Note: In this example, graph execution needs to start before finish() for the command queue. If finish() is invoked first, which is a blocking call, the graph will never start and provide output to s2mm, and hence the application will hang on the blocked point.

The next step is to use v++ with -p to generate the package file. The make command is:

make package

The corresponding v++ command is:

```
v++ -p -t hw_emu -f $PLATFORM_REPO_PATHS/xilinx_vck190_es1_base_202220_1/xilinx_vck190_es1_base_202220_1.xpfm \
--package.rootfs $PLATFORM_REPO_PATHS/sw/versal/xilinx-versal-common-v2022.2/rootfs.ext4  \
--package.kernel_image $PLATFORM_REPO_PATHS/sw/versal/xilinx-versal-common-v2022.2/Image  \
--package.boot_mode=sd \
--package.image_format=ext4 \
--package.defer_aie_run \
--package.sd_dir data \
--package.sd_file host.exe vck190_aie_base_graph_hw_emu.xclbin libadf.a
```

Here --package.defer_aie_run specifies that the Versal AI Engine cores will be enabled by the PS. When not specified, the tool will generate CDO commands to enable the AI Engine cores during PDI load instead.

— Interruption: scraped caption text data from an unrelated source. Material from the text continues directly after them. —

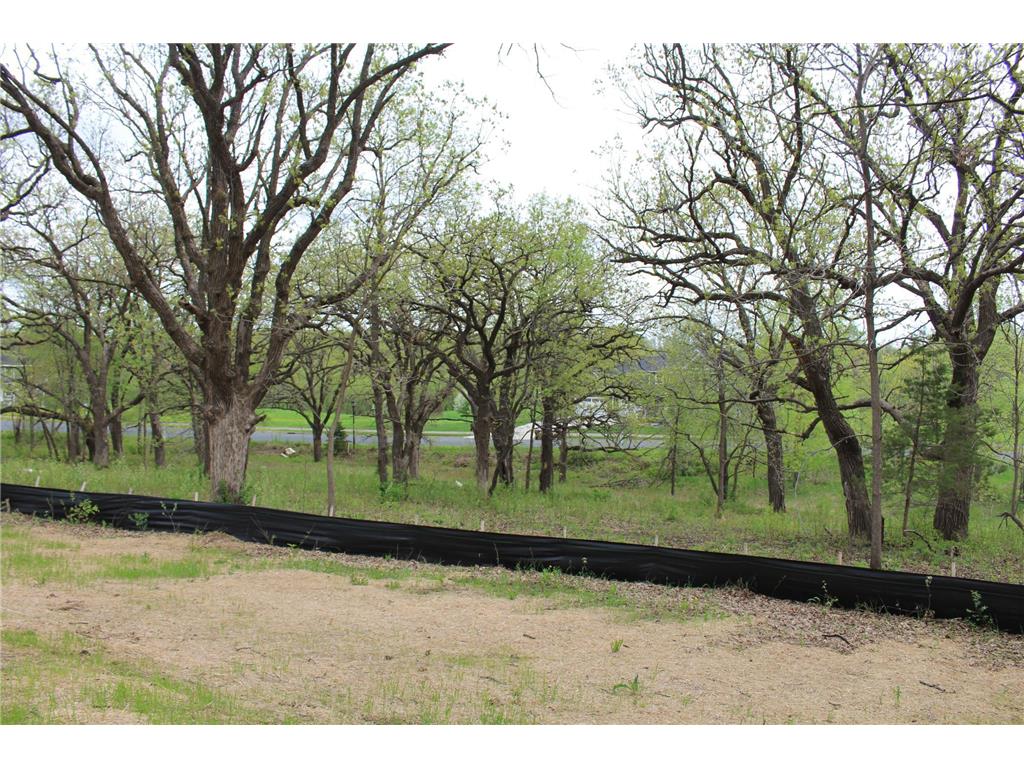 1730 River Shore Drive Hastings MN 55033 6674308 image12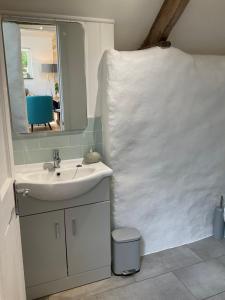 Vannituba majutusasutuses Pyggwyn +16 fotot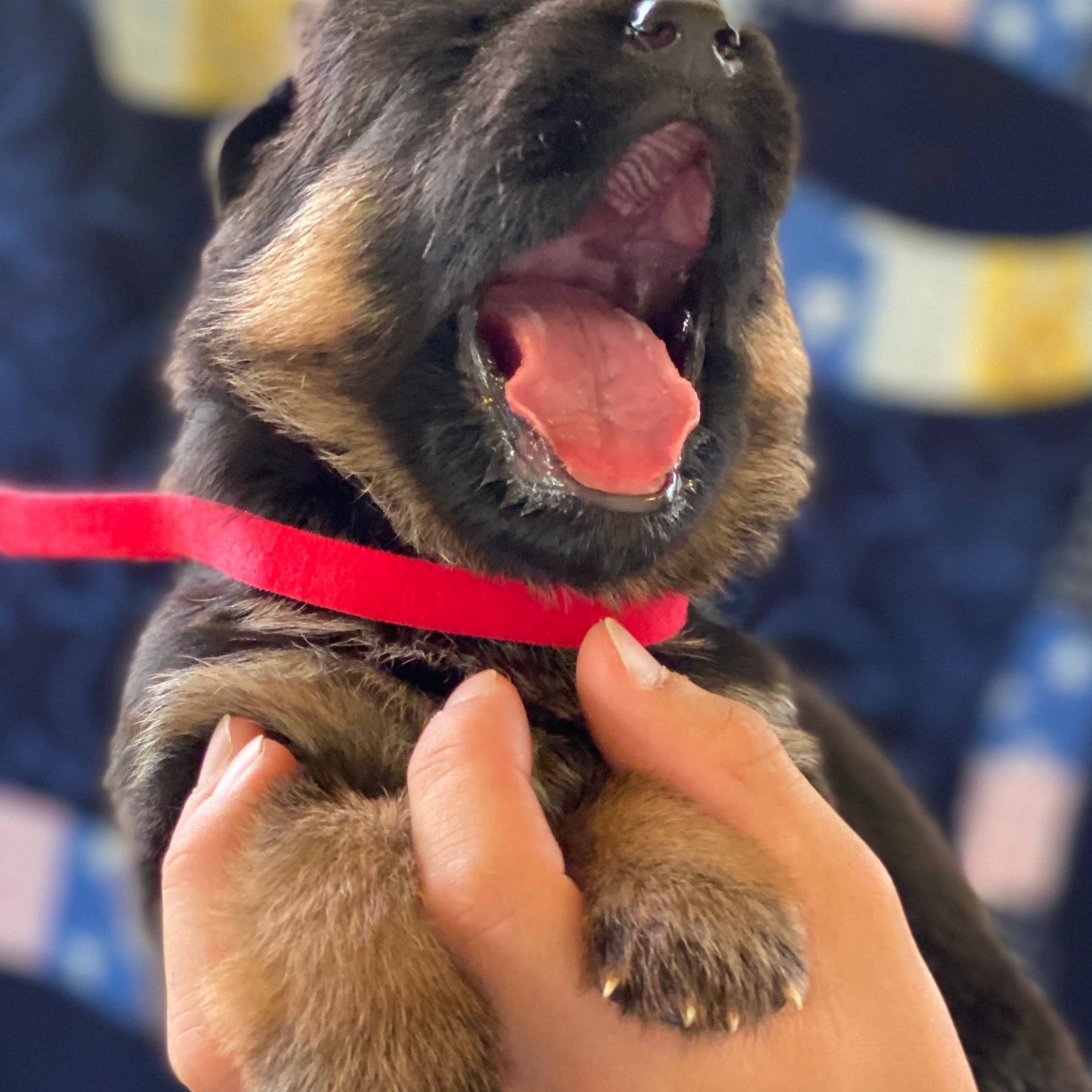 Female GSD puppies Chicago. Previous litters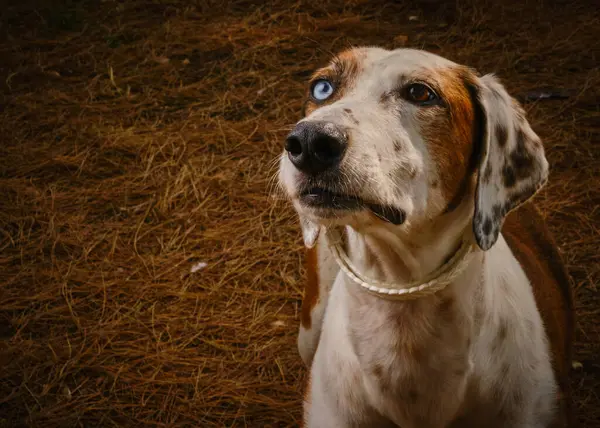bir köpek tasması portresi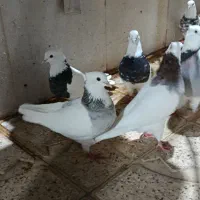 طوقی|پرنده|سرپل ذهاب, |دیوار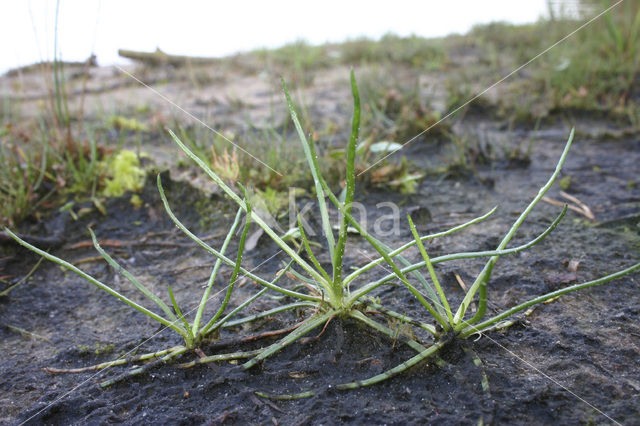 Oeverkruid (Littorella uniflora)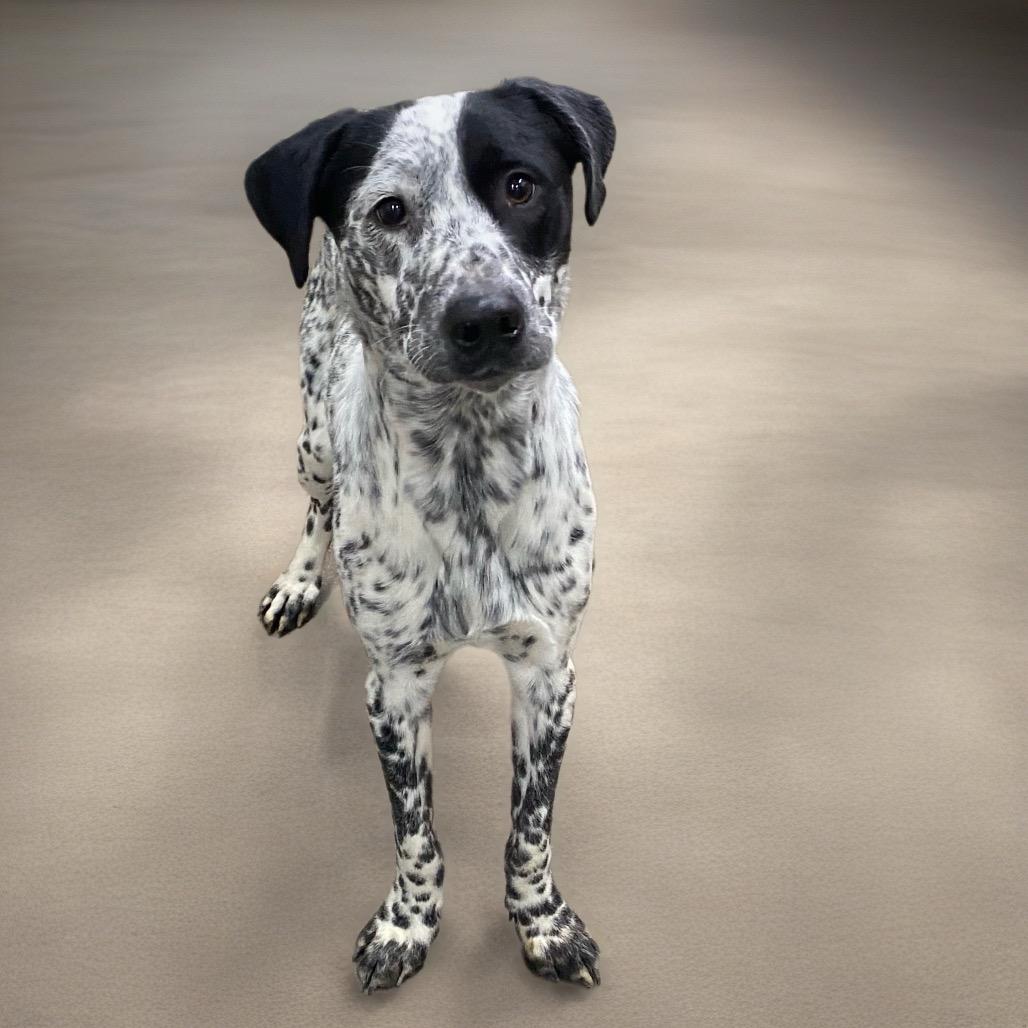 Enlarge Buck, a Adoptable Mixed Breed in Corbin, KY image 1/6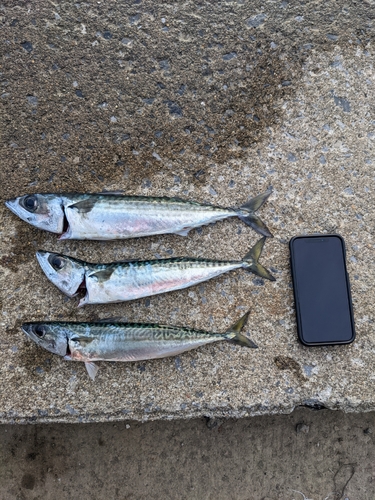 サバの釣果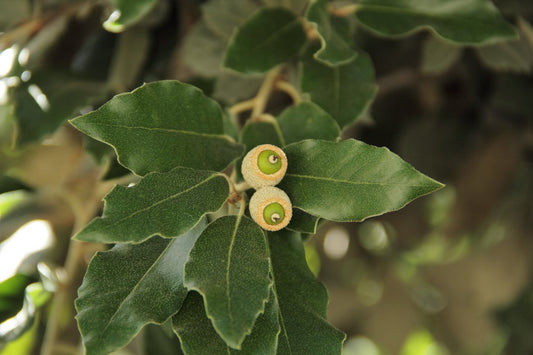 Leccio (Quercus Ilex)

--package.sd_dir <arg> specifies a directory path to package into the *sd_card* directory/image, which is helpful for including some golden data into the package.

--package.sd_file <arg>” is used to specify files to package into the *sd_card* directory/image.

For more details about v++ -p (--package) options, refer to Application Acceleration Development (UG1393).